## Exercise
Set down, exactly as written, the lines from the line holding "Loop & Pleat Wide-Leg Trousers" to the end of the data, inclusive, skipping any pictures.

## Data for analysis
>>>>>
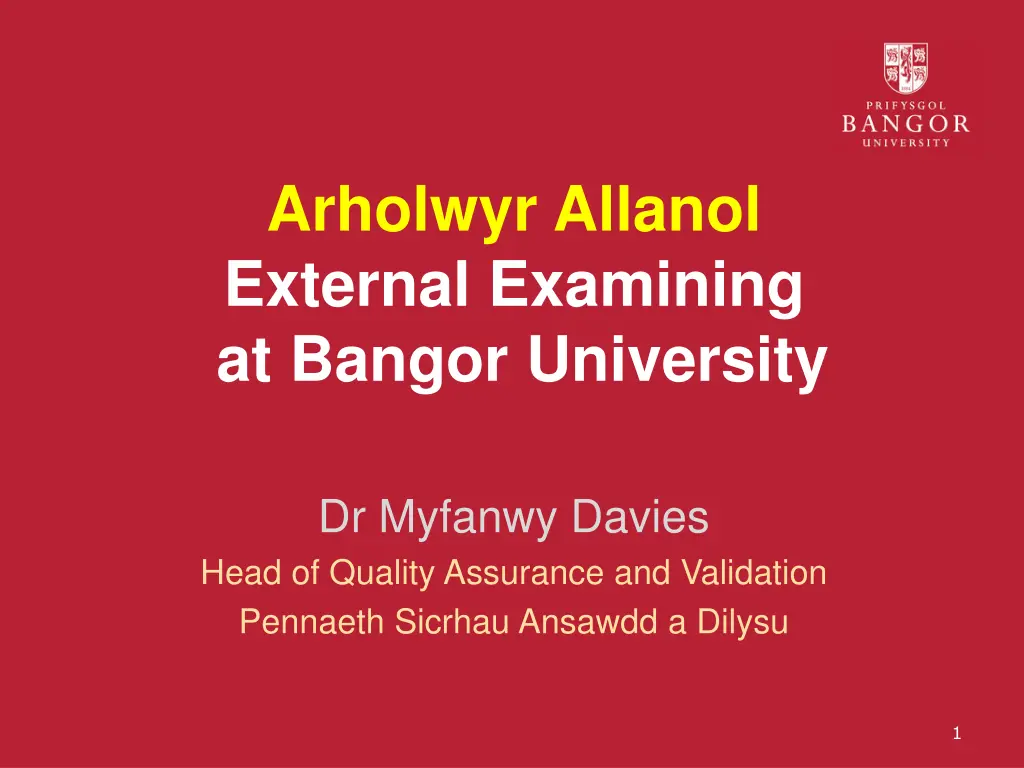 arholwyr allanol external examining at bangor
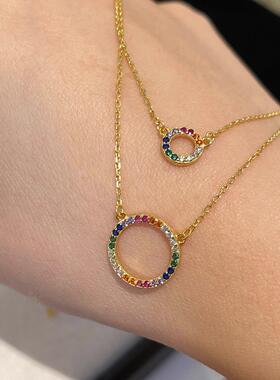 MaisonCleo彩色锆石双层锁骨链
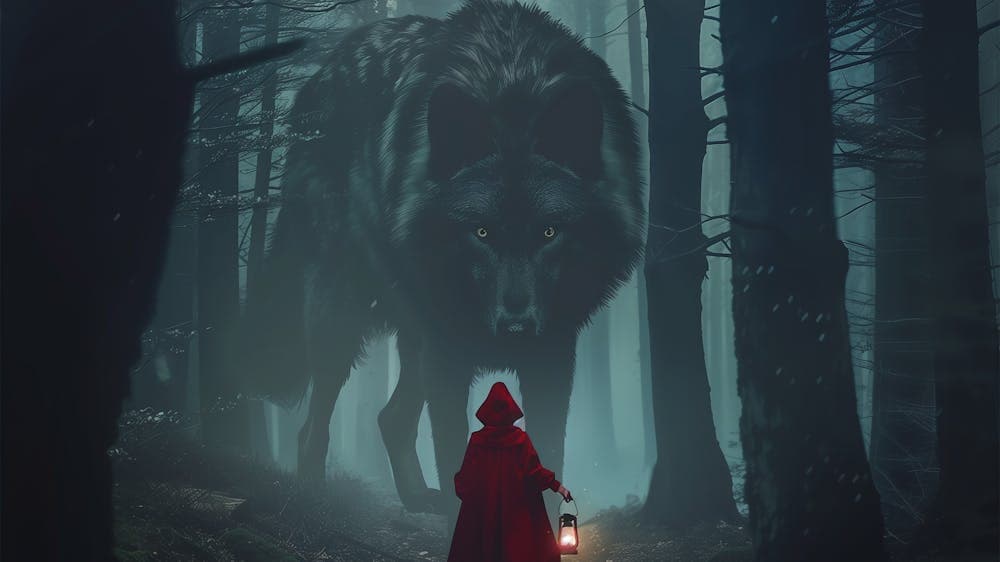 Red Riding Hood confronting the wolf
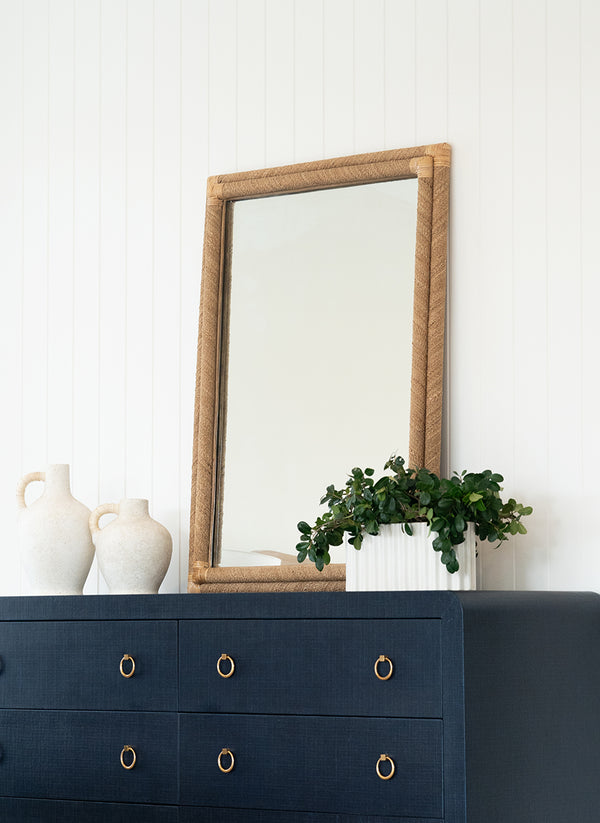 Chloe Natural Rope Mirror- Rectangular - 2 Rope Frame
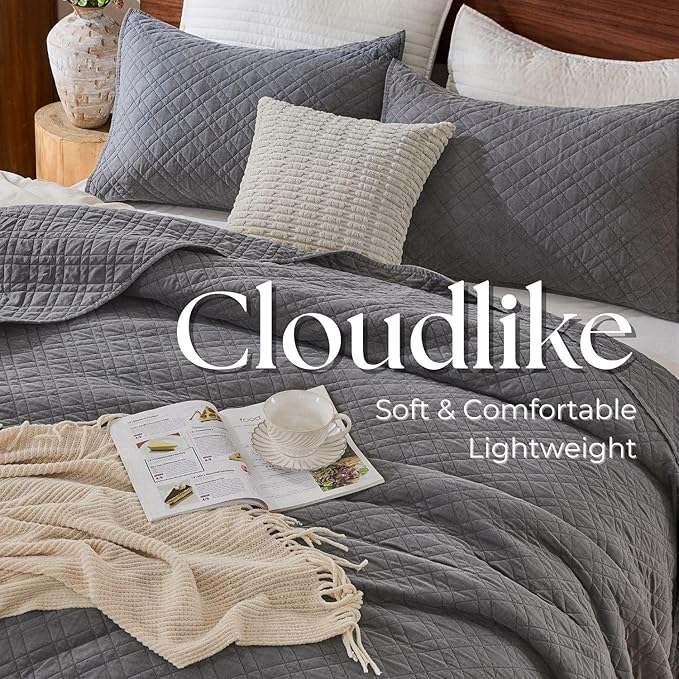 Cali King Quilt Set with Shams Lightweight Quilted Bedspread Coverlet Thin Comforter Bed Cover Vintage Washed Quilted Blanket for All Season, Brushed Microfiber Diamond Stitching, Ash Gray, 111"x92"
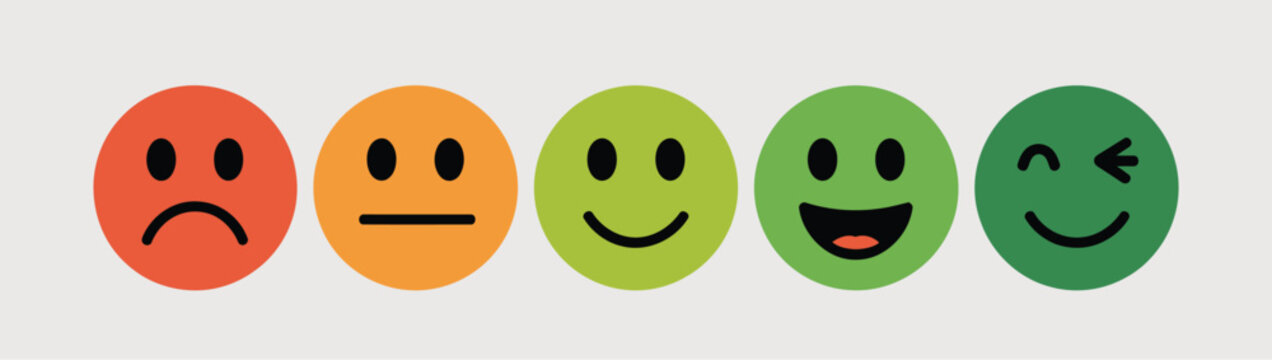 emoji feedback icon collection, positive and negative reaction faces, smiley rating symbols in six colors, happy neutral sad emoticons, customer response and review concept, modern vector design.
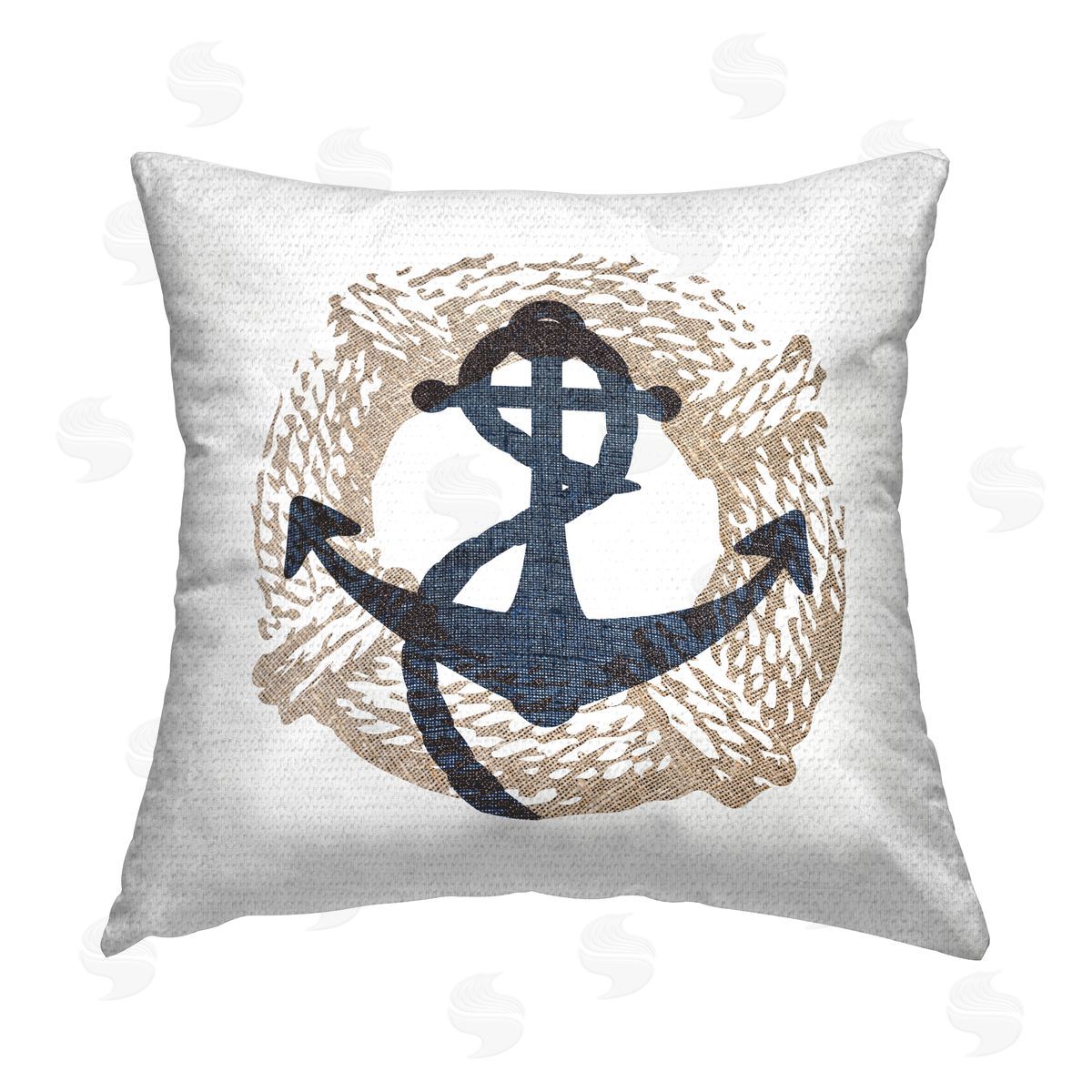 Stupell Studio Nautical Anchor & Rope Outdoor Quick-Dry Polyester Printed Throw Pillow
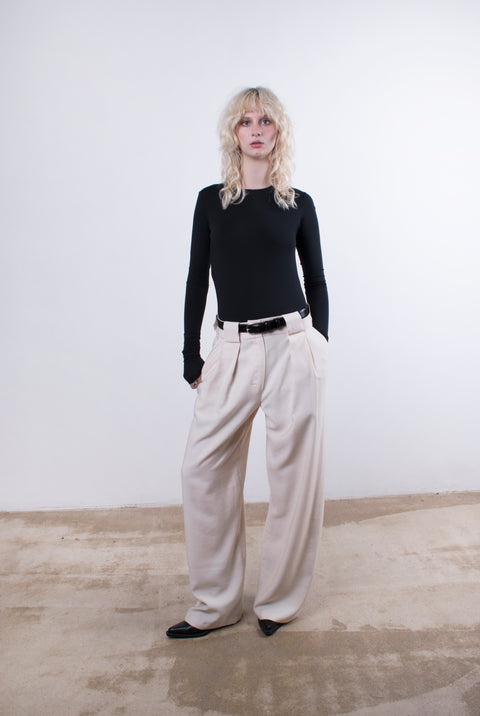 Loop & Pleat Wide-Leg Trousers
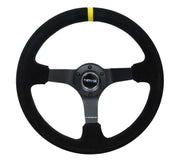 NRG Reinforced Steering Wheel (350mm / 3in. Deep) Blk Suede/X-Stitch w/5mm Blk Spoke & Yellow CM NRG Steering Wheels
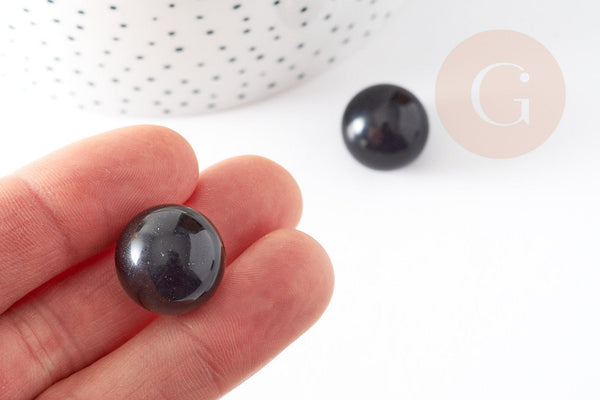 Pierre ronde obsidienne noire non percée 17.5-18mm, x1 (G4378)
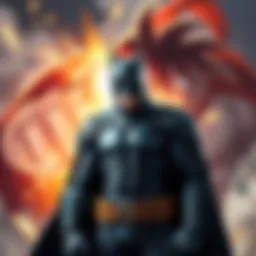 Batman stands determined with gadgets, while Goku powers up in the background, ready for battle.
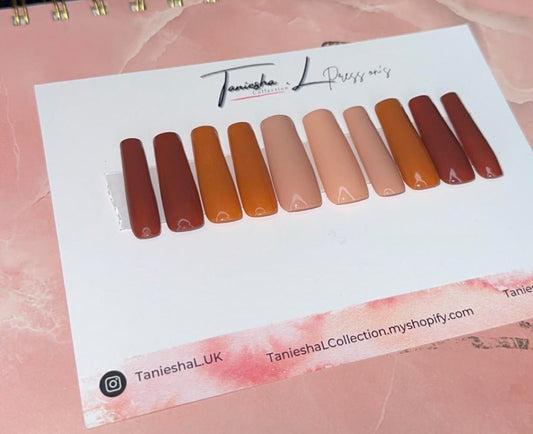 Shades of Brown (XS-M) - press on nails - set of 10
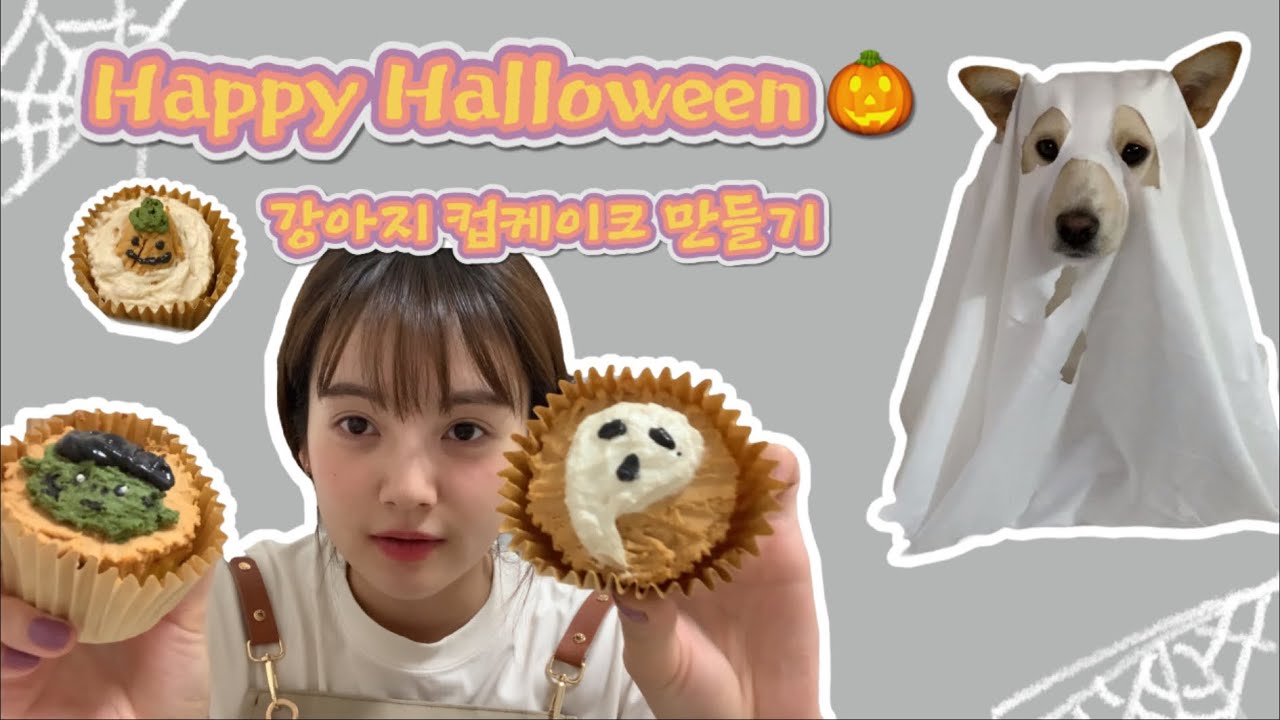 Happy Halloween🎃ㅣ강아지 컵케이크 만들기ㅣ강아지랑 소소하게 홈파티ㅣ홈베이킹 vlogㅣ할로윈데이ㅣ똥손의 도전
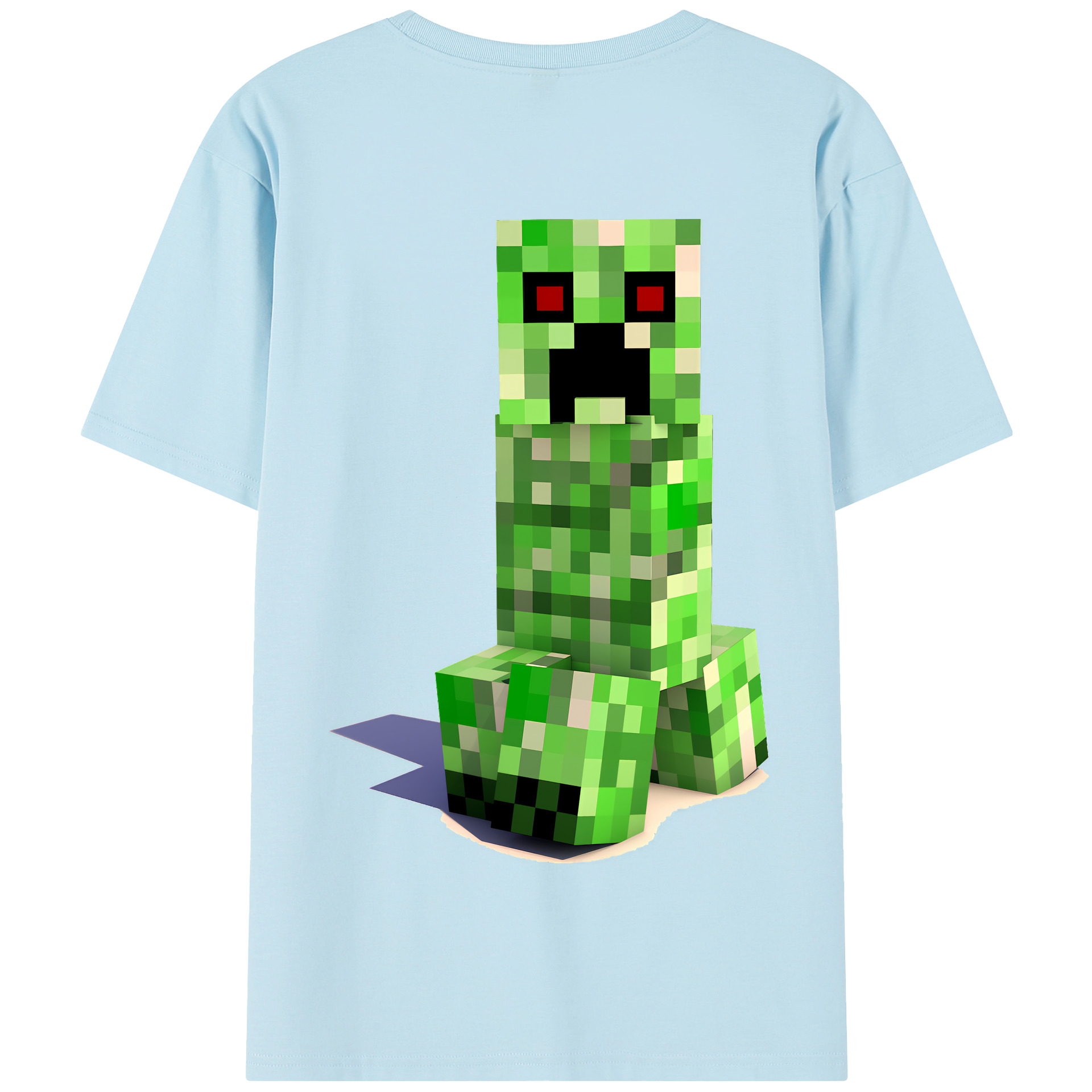 （画像用） マインクラフト ブロックの世界 Minecraft MC Block world 綿100％半袖Tシャツ（背面プリント）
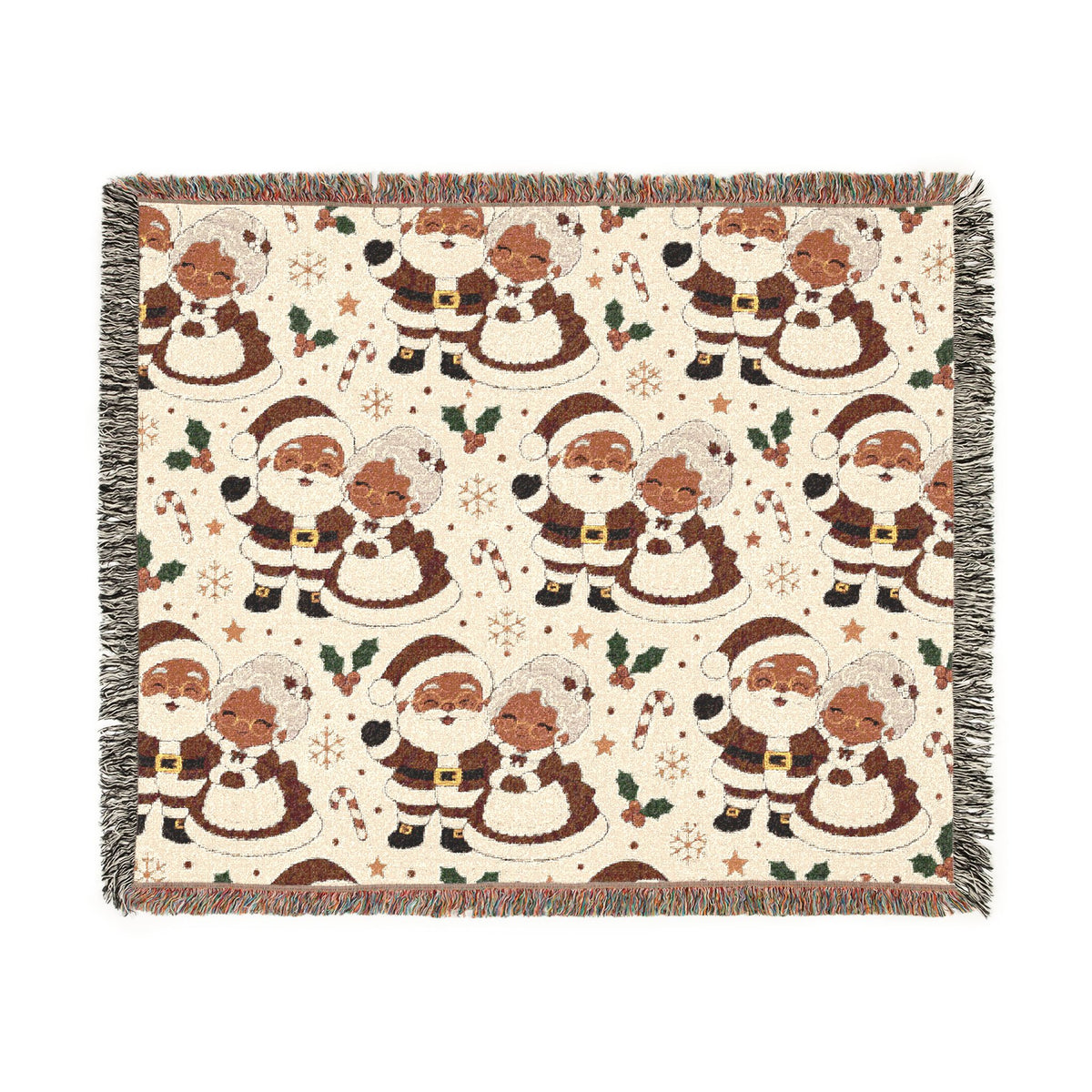 Mr. & Mrs. Claus Cozy Throw - Brown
<<<<<
## Result of this task
 Loop & Pleat Wide-Leg Trousers
 NRG Reinforced Steering Wheel (350mm / 3in. Deep) Blk Suede/X-Stitch w/5mm Blk Spoke & Yellow CM NRG Steering Wheels
 Pierre ronde obsidienne noire non percée 17.5-18mm, x1 (G4378)
 Batman stands determined with gadgets, while Goku powers up in the background, ready for battle.
 Shades of Brown (XS-M) - press on nails - set of 10
 Happy Halloween🎃ㅣ강아지 컵케이크 만들기ㅣ강아지랑 소소하게 홈파티ㅣ홈베이킹 vlogㅣ할로윈데이ㅣ똥손의 도전
 （画像用） マインクラフト ブロックの世界 Minecraft MC Block world 綿100％半袖Tシャツ（背面プリント）
 Mr. & Mrs. Claus Cozy Throw - Brown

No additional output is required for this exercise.